The first of these is the aforementioned “Million Years Ago”, whose disappointment and longing for bygone days I find a little puzzling, but the other one fascinates me. It’s called “River Lea”, and from the first lyric it displays a different kind of self-awareness: “Everybody tells me it’s ’bout time that I moved on / That I need to learn to lighten up and learn how to be young.” That sounds a lot like my reaction to “When We Were Young”, though maybe a bit more harsh.
Where it goes from there is even more surprising: “But my heart is a valley, it’s so shallow and man-made / I’m scared to death if I let you in that you’ll see I’m just a fake.” Is this Adele revealing us to us how much performance and amplification is involved in the presentation of her image? Now, before I go further, I need to emphasize that if Adele’s heart is shallow and her emotions are fake, she sure as hell does a magnificent job of performing otherwise. Her songs give me chills, and quite honestly I don’t care if they’re strictly autobiographical or not, though it provides an interesting platform for discussion.

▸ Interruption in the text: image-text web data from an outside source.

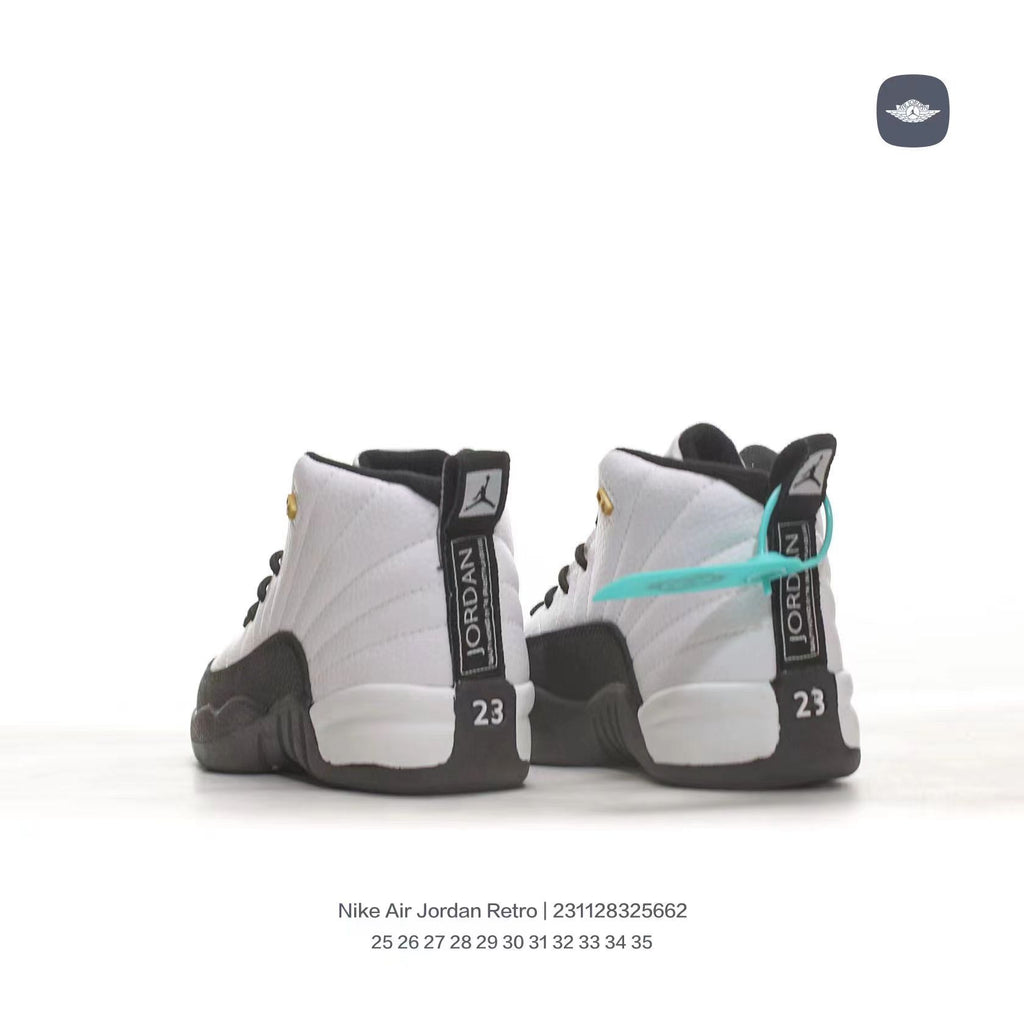 Joe 12 children's shoes" white, black"
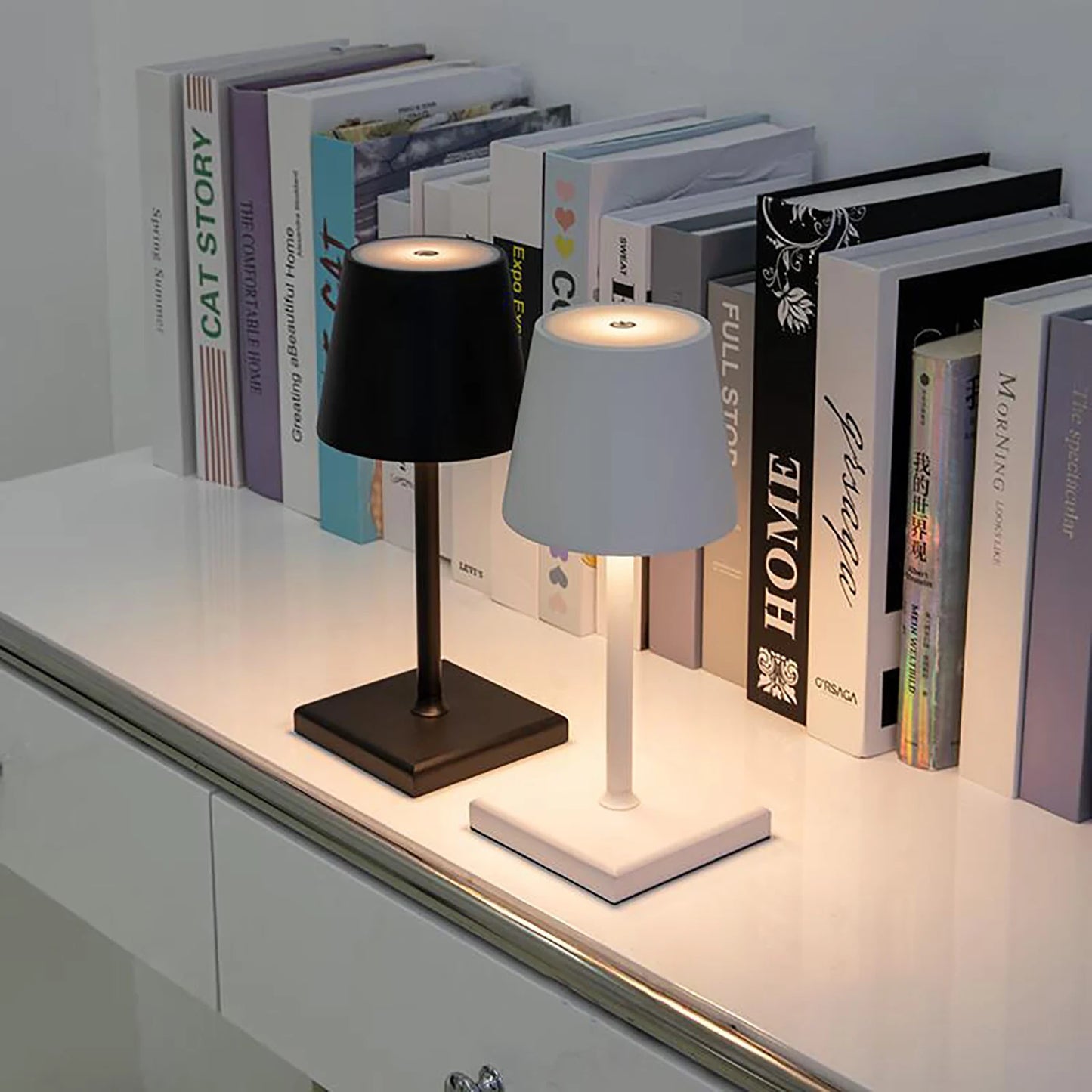 Tivora Solenne Table Lamp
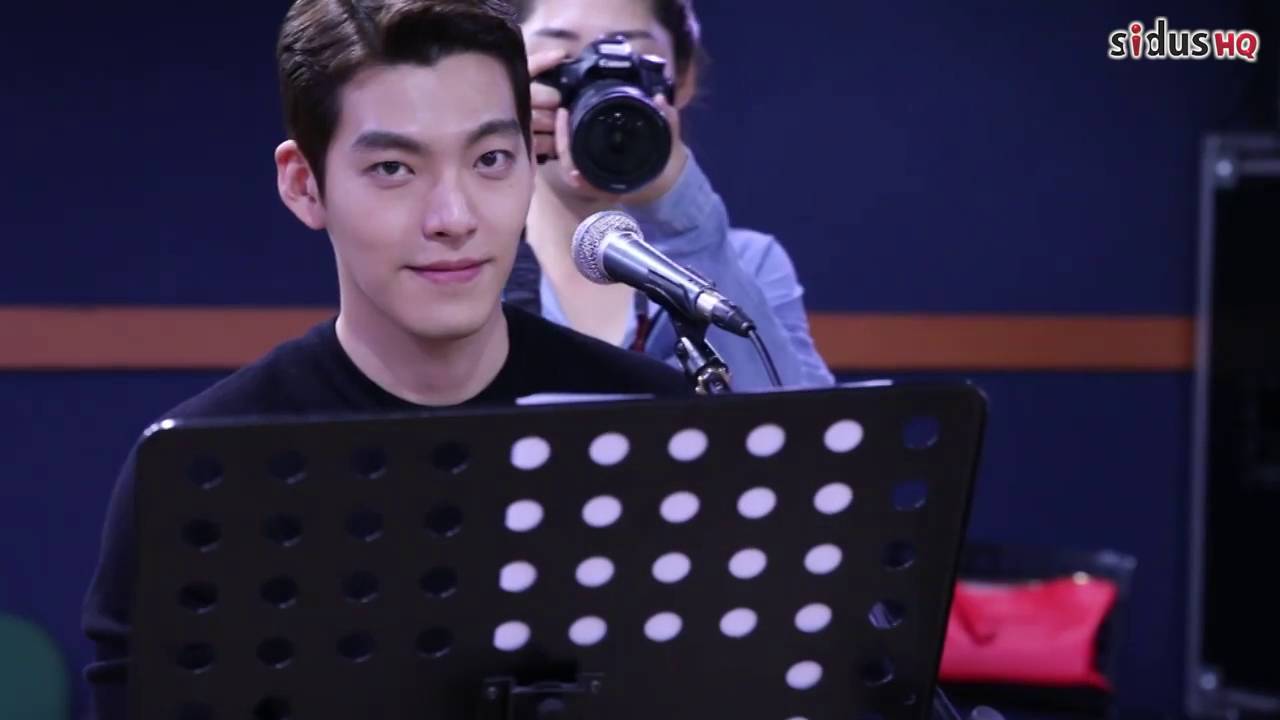 [VID] 161007 BTS KIM WOO BIN SPOTLIGHT FANMEETING IN SEOUL (Sidus HQ)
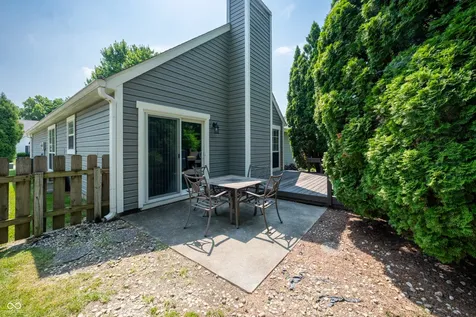11416 Charleston Parkway Fishers IN 46038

That said, there is a level of melodrama in her work that I think can’t help but be either an exaggeration or an out-of-context set of snapshots from her most extreme emotional moments. In “River Lea”, she goes even further than that, portraying herself as a user of others and an inevitable source of pain. The chorus refers to “every heart I use to heal the pain”, and one verse forecasts the suffering she knows she’ll cause:
I should probably tell you now before it’s way too late
That I never meant to hurt you or to lie straight to your face
Consider this my apology, I know it’s years in advance
But I would rather say it now in case I never get the chance
This is an Adele that is quite separate from the one best known by the world. Instead of the victim, she is the victimizer, and what’s more she knows she’s going to do it. I’m not sure what to make of the river metaphor — perhaps it’s lost on me as an American — but I found this easily the most compelling song on the album, both for its starkly different point of view and for its gorgeous production and instrumentation.
In fact, the production all over this album is fantastic, just as it was on 21. Despite the fact that there are no fewer than eleven credited producers on this album, the consistent thread throughout is that Adele’s dazzling voice remains at the center of every track, and accompaniment for the most part remains simple and subservient. That’s an excellent choice, as vocals should be the star of the show on any Adele album.
Along with the identity songs, 25 gives us a couple of other sides of Adele we hadn’t seen before. “Love In The Dark” shows her as the breaker of a relationship rather than the one left behind. She does it with regret and shame, but with no less clarity for that: “I can’t stay this time ’cause I don’t love you anymore.”
Even more groundbreaking is the final song on the album, “Sweetest Devotion”. Amid a thicket of painful songs, this one is an unabashed expression of joy in love, portrayed as a complete surprise. When she sings, “the sweetest devotion / hit me like an explosion”, it feels like an explosion, and it works just as beautifully as any of the agonized songs that precede it.
Like Melissa Etheridge before her, Adele has made love’s pain the foundation of her career, and we may well wonder whether she has more to give us. If “Sweetest Devotion” is any indication, we need not worry. The growth and exploration on display in 25 makes me eager for the next chapter, wherever it may lead.